Contrary to some media reports, the Congressional Budget Office has not prepared an actual cost estimate of what Ryan's plan would really cost. The non-partisan Tax Policy Center has prepared an analysis, and it found that the budgetary outlook under the Ryan plan would be substantially worse. It estimates that the budget deficit under the Ryan plan would reach about 7 percent of GDP and the debt would grow to 90 percent of GDP by 2020.
Calling Ryan fiscally irresponsible doesn't begin to describe the damage that would be done to our nation. And it does nothing about the most urgent crisis facing us - the nearly 1 in 5 adult Americans that is either unemployed, underemployed or have given up looking for work entirely.
The American Society of Civil Engineers has identified more than $2.2 trillion in public infrastructure needs nationwide, and a 2008 study by the Congressional Budget Office found that, on strict cost-benefit grounds, it would make sense to increase annual spending on transportation projects alone by 74 percent.
Laura Tyson, the chair of the Council of Economic Advisers and the National Economic Council in the Clinton Administration and a member of President Obama's Economic Recovery Advisory Board, said that the federal government should work with state and local governments and the private sector to finance $1 trillion worth of additional investment in infrastructure over the next five years. She also said the federal government should extend the Build America Bonds stimulus program, which in the past year has helped states finance $120 billion in infrastructure improvement.

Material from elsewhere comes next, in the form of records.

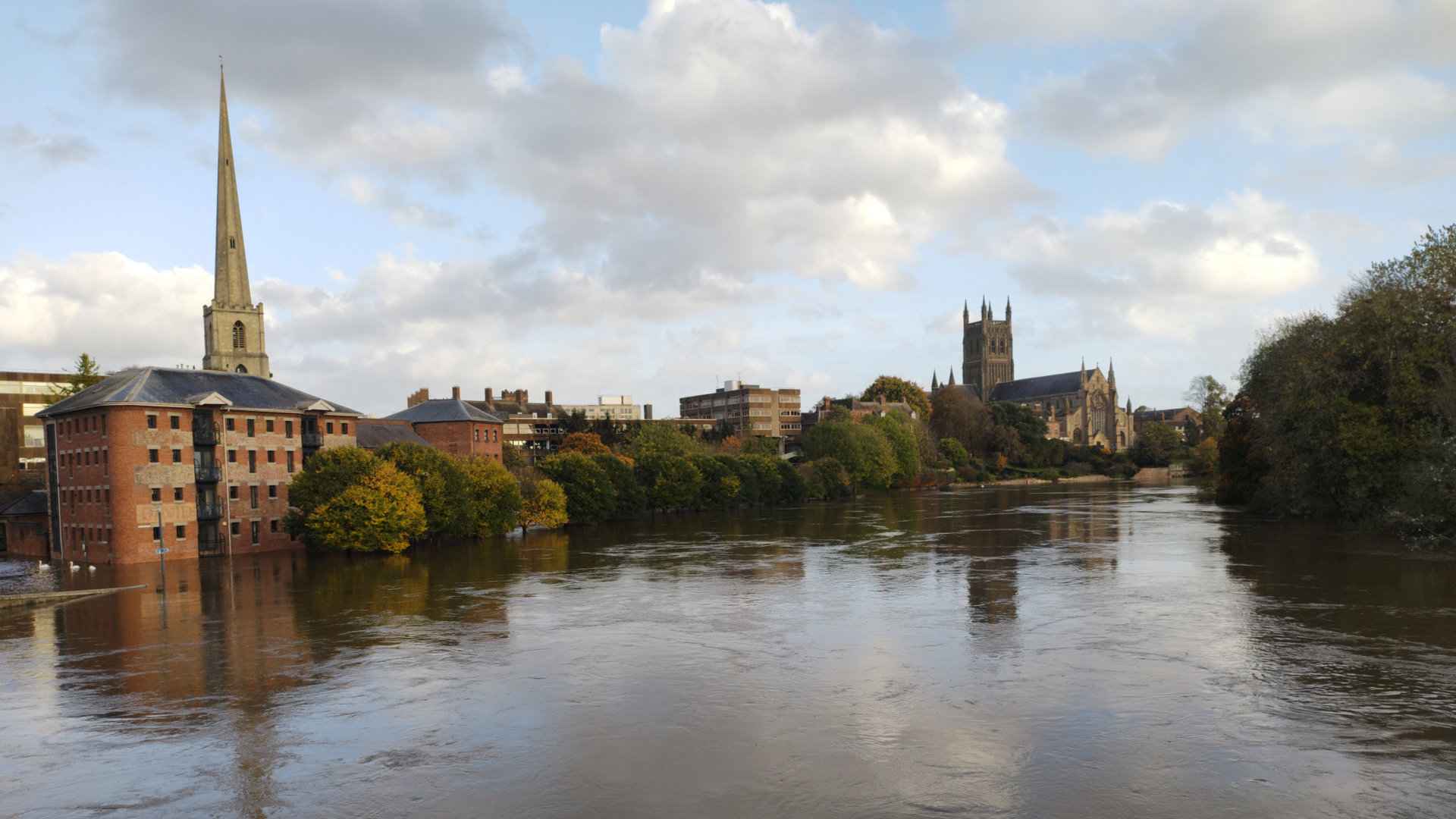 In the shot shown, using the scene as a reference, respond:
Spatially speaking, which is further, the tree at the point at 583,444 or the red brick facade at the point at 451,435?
the tree at the point at 583,444

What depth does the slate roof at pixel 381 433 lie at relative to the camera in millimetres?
70188

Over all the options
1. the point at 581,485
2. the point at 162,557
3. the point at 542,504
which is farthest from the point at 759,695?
the point at 581,485

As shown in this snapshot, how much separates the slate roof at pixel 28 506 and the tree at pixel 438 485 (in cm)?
2443

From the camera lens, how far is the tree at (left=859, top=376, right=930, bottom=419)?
532 feet

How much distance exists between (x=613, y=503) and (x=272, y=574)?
101 ft

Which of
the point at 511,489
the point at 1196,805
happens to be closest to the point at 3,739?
the point at 1196,805

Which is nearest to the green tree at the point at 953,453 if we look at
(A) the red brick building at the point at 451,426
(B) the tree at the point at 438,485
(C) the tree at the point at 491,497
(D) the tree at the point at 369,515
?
(A) the red brick building at the point at 451,426

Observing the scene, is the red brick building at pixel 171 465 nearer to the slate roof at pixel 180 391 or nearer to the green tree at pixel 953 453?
the slate roof at pixel 180 391

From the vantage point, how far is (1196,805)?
13680 millimetres

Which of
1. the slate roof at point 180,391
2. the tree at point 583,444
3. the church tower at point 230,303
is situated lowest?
the tree at point 583,444

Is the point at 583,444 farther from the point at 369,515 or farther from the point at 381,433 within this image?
the point at 369,515

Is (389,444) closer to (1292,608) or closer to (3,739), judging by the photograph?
(3,739)

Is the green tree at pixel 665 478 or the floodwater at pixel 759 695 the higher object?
the green tree at pixel 665 478

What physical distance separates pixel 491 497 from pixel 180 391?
753 inches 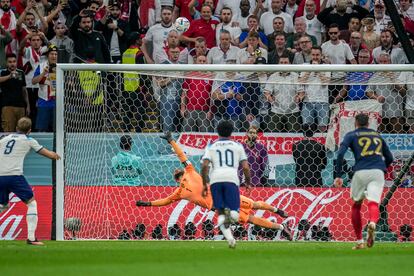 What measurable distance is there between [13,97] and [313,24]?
6.68 metres

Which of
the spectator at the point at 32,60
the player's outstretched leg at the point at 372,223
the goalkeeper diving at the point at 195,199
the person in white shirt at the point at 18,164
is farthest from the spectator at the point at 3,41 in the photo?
the player's outstretched leg at the point at 372,223

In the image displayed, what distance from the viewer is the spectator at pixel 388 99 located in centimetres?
2178

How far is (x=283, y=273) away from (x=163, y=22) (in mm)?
12171

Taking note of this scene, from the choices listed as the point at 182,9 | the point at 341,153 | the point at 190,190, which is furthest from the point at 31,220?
the point at 182,9

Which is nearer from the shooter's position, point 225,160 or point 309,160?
point 225,160

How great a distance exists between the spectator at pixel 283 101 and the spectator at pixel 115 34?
4.65 meters

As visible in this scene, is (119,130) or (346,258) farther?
(119,130)

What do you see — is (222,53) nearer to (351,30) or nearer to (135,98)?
(135,98)

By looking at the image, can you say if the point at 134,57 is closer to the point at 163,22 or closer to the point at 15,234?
the point at 163,22

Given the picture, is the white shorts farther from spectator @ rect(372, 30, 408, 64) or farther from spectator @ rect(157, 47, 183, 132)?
spectator @ rect(372, 30, 408, 64)

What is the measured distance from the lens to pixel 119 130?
74.1ft

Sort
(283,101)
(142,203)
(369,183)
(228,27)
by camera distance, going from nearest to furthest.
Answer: (369,183), (142,203), (283,101), (228,27)

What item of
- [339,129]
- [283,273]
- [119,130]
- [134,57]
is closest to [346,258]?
[283,273]

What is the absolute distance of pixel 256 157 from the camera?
2209cm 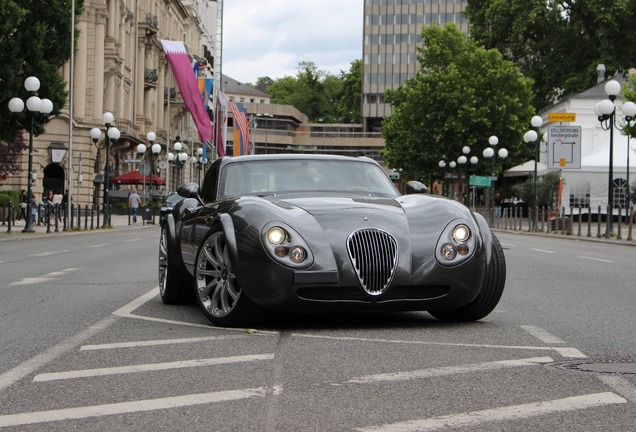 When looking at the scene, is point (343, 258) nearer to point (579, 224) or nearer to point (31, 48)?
point (31, 48)

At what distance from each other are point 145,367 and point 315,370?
3.02ft

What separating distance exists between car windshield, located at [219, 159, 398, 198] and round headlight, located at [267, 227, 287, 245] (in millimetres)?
1563

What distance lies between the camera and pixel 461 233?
26.0 ft

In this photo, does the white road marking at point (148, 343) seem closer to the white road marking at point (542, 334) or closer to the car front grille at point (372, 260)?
the car front grille at point (372, 260)

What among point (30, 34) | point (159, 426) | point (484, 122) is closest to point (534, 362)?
point (159, 426)

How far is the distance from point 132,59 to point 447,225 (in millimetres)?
72597

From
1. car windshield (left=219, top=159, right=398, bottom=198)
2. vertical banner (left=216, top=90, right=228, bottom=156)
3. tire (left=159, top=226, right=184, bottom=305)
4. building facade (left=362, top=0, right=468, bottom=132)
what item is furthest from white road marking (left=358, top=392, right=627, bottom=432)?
building facade (left=362, top=0, right=468, bottom=132)

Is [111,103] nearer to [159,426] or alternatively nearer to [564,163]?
Answer: [564,163]

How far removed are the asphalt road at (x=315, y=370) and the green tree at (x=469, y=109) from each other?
61.7 metres

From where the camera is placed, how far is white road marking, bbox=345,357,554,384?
5613mm

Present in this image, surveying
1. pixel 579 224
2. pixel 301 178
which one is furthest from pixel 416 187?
pixel 579 224

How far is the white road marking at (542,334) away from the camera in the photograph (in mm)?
7300

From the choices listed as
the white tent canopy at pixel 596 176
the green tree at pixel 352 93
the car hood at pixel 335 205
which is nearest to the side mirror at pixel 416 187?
the car hood at pixel 335 205

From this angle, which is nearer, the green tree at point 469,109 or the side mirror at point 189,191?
the side mirror at point 189,191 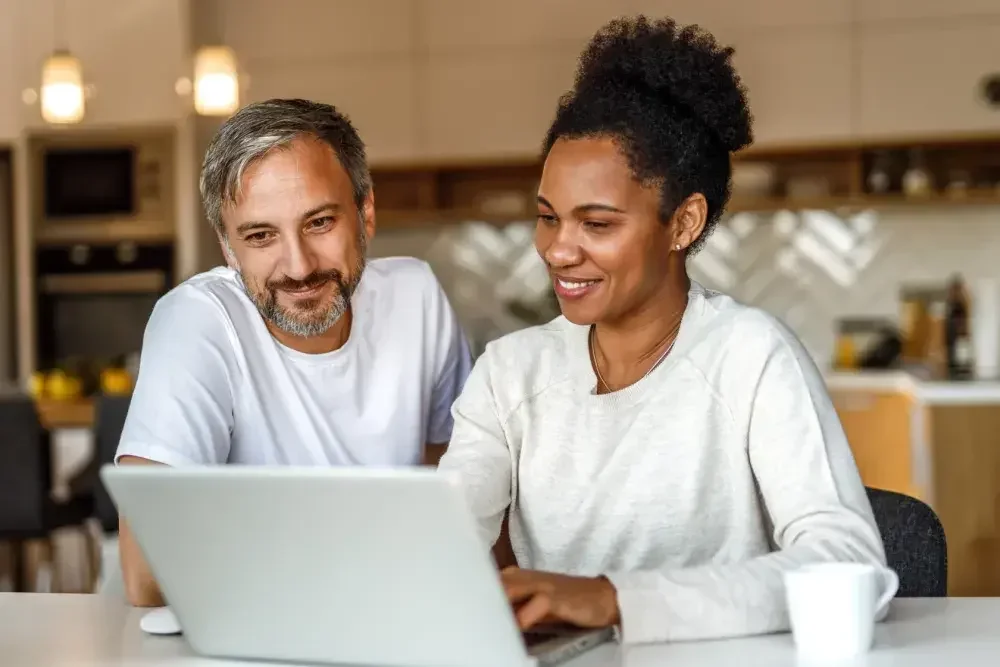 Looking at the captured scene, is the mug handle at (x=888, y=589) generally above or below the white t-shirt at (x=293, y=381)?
below

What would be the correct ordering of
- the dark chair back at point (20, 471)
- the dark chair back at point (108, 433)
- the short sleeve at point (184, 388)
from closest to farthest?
the short sleeve at point (184, 388), the dark chair back at point (108, 433), the dark chair back at point (20, 471)

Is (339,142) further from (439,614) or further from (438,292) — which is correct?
(439,614)

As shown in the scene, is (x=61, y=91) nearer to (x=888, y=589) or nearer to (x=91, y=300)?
(x=91, y=300)

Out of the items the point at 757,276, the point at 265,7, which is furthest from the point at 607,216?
the point at 265,7

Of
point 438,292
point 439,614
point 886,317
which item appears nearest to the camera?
point 439,614

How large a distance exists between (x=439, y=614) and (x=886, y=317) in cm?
522

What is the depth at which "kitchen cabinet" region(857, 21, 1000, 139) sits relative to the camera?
563 centimetres

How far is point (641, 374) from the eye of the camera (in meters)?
1.66

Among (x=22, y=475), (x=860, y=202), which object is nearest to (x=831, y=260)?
(x=860, y=202)

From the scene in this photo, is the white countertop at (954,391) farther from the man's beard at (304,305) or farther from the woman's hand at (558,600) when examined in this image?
the woman's hand at (558,600)

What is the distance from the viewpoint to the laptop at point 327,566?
104cm

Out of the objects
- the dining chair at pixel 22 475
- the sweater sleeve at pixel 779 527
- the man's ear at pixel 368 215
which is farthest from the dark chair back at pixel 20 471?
the sweater sleeve at pixel 779 527

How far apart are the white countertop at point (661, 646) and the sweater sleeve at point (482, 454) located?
1.27ft

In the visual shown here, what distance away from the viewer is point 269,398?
1895mm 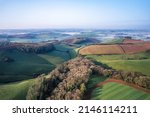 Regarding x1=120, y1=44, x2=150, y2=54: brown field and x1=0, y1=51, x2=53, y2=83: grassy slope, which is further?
x1=120, y1=44, x2=150, y2=54: brown field

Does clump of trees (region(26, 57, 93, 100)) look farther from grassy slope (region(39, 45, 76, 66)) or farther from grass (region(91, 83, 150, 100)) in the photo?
grassy slope (region(39, 45, 76, 66))

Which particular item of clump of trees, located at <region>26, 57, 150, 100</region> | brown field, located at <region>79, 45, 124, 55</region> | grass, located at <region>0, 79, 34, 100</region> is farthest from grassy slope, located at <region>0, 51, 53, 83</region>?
brown field, located at <region>79, 45, 124, 55</region>

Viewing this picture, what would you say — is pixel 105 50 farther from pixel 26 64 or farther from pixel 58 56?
pixel 26 64

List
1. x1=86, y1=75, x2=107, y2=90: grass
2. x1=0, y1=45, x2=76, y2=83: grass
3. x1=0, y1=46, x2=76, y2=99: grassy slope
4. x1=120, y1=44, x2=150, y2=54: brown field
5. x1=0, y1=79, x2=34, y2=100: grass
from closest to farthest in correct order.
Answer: x1=86, y1=75, x2=107, y2=90: grass
x1=0, y1=79, x2=34, y2=100: grass
x1=0, y1=46, x2=76, y2=99: grassy slope
x1=0, y1=45, x2=76, y2=83: grass
x1=120, y1=44, x2=150, y2=54: brown field

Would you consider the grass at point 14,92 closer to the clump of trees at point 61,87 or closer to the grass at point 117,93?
the clump of trees at point 61,87

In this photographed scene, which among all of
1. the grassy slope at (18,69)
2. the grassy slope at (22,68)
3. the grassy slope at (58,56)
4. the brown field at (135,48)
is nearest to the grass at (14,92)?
the grassy slope at (22,68)

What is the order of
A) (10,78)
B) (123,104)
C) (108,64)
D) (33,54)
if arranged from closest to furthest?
(123,104), (10,78), (108,64), (33,54)

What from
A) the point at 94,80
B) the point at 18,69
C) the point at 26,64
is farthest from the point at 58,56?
the point at 94,80

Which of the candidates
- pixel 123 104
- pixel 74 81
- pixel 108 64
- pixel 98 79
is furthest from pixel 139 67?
pixel 123 104

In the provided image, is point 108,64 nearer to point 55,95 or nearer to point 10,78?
point 10,78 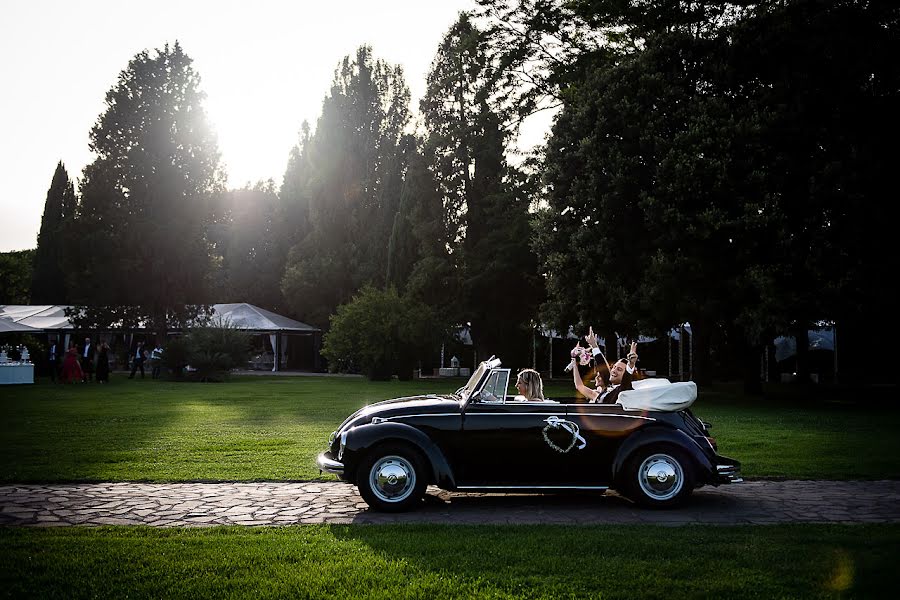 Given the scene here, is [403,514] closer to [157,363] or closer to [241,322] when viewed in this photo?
[157,363]

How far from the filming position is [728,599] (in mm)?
5043

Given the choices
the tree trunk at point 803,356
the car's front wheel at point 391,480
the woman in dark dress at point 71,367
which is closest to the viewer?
the car's front wheel at point 391,480

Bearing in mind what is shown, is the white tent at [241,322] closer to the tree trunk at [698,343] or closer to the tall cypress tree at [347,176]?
the tall cypress tree at [347,176]

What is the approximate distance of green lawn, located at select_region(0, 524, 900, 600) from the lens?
5.21 meters

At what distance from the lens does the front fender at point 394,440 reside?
7.97m

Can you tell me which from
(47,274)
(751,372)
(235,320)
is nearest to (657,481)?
(751,372)

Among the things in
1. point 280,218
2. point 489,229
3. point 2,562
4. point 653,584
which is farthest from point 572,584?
point 280,218

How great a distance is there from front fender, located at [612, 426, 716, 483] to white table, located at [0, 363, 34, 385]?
31139 millimetres

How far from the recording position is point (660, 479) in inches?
319

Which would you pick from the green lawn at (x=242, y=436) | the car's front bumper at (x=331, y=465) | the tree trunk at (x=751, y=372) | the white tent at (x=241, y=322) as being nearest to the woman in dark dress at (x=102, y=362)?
the green lawn at (x=242, y=436)

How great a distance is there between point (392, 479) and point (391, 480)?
0.01 meters

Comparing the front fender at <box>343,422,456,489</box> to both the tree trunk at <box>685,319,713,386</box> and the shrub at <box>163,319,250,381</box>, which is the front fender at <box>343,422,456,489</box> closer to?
the tree trunk at <box>685,319,713,386</box>

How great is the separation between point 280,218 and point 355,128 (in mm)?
12073

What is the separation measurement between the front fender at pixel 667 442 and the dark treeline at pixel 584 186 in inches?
613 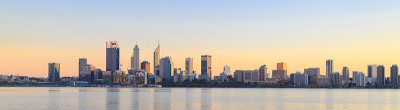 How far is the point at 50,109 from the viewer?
81.2m

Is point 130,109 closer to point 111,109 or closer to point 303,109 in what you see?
point 111,109

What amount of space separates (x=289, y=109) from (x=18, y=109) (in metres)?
48.4

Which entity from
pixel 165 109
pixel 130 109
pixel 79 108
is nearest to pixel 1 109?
pixel 79 108

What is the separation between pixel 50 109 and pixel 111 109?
35.3ft

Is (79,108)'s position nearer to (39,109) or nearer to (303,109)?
(39,109)

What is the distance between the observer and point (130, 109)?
268 ft

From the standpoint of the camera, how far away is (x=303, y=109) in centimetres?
8669

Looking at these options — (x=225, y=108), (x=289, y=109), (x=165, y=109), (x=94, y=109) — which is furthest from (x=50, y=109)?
(x=289, y=109)

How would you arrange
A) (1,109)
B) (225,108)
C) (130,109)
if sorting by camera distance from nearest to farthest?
(1,109) → (130,109) → (225,108)

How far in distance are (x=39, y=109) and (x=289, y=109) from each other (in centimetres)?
4524

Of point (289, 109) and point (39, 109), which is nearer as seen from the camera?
point (39, 109)

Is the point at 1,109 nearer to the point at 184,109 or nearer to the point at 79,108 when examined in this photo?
the point at 79,108

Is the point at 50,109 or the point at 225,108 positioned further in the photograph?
the point at 225,108

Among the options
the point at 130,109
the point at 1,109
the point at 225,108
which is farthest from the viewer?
the point at 225,108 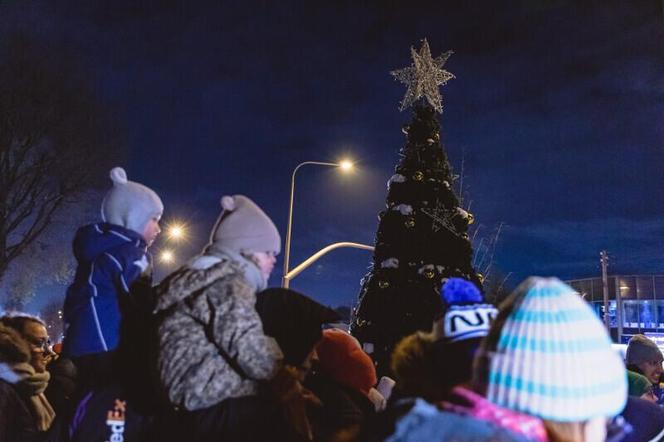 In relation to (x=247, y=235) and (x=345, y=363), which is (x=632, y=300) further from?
(x=247, y=235)

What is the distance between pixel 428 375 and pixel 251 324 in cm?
83

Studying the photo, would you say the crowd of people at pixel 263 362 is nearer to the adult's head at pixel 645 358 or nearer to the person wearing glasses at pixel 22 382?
the person wearing glasses at pixel 22 382

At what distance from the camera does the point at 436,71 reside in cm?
1301

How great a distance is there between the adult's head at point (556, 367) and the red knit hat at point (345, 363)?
2.31 m

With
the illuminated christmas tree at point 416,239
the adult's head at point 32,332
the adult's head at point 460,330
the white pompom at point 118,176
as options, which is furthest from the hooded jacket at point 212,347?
the illuminated christmas tree at point 416,239

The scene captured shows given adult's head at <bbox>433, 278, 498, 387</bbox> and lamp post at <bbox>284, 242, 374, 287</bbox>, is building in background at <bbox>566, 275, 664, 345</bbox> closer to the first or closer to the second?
lamp post at <bbox>284, 242, 374, 287</bbox>

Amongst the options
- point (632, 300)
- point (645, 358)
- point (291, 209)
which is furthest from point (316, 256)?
point (632, 300)

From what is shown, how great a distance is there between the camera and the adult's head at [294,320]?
10.5 ft

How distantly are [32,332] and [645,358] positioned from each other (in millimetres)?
5790

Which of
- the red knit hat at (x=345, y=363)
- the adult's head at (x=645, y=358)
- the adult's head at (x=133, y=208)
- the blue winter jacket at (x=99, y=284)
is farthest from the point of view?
the adult's head at (x=645, y=358)

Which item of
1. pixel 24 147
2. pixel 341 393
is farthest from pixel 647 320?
pixel 341 393

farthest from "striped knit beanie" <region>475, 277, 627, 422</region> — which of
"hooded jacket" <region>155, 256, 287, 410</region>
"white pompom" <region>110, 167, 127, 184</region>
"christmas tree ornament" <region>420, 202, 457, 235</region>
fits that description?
"christmas tree ornament" <region>420, 202, 457, 235</region>

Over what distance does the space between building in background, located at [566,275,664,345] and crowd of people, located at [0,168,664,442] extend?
6177 centimetres

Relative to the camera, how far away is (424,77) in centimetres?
1287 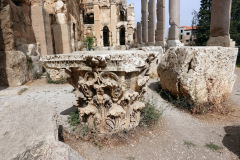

A great idea, but, as economic analyst Robert Reich recently pointed out, "The problem is lack of political will to do it. The naysayers, deficit hawks, government-haters and Social Darwinists who don't have a clue what to do would rather do nothing. We are paralyzed."
Reich advocates another good idea - exempting the first $20,000 of income from Social Security payroll taxes and applying the payroll tax to incomes over $250,000. He says that gets money into the hands of people who put it back into the economy and create new jobs in the process. Also a good idea, but one that Republicans will block.
It's time for Democrats to be bold and use the ideas and principles that helped lift America out the Great Depression of the 1930s to help fight what could be - absent bold action - years of high unemployment and sluggish economic growth in the rest of this new decade.
As economist Paul Krugman put it last week, "The actual lessons of 2009-2010, then, are that scare stories about stimulus are wrong, and that stimulus works when it is applied. But it wasn't applied on a sufficient scale. And we need another round."
The plan offered by President Obama this week to spend at least $50 billion to repair, upgrade and expand roads, railways and airports is a good, though cautious, start. But Republicans and conservative Democrats will block this plan, and little of it will be put in motion anytime soon.
The same holds true for another plan from the President - allowing businesses to deduct 100 percent of the cost of U.S.-made equipment - up from 50 percent - and write off that cost immediately, rather than over a multi-year period. This proposal could quickly pump up to $200 billion into the economy at an estimated net cost to the Treasury of $30 billion, which would be offset by closing corporate tax loopholes.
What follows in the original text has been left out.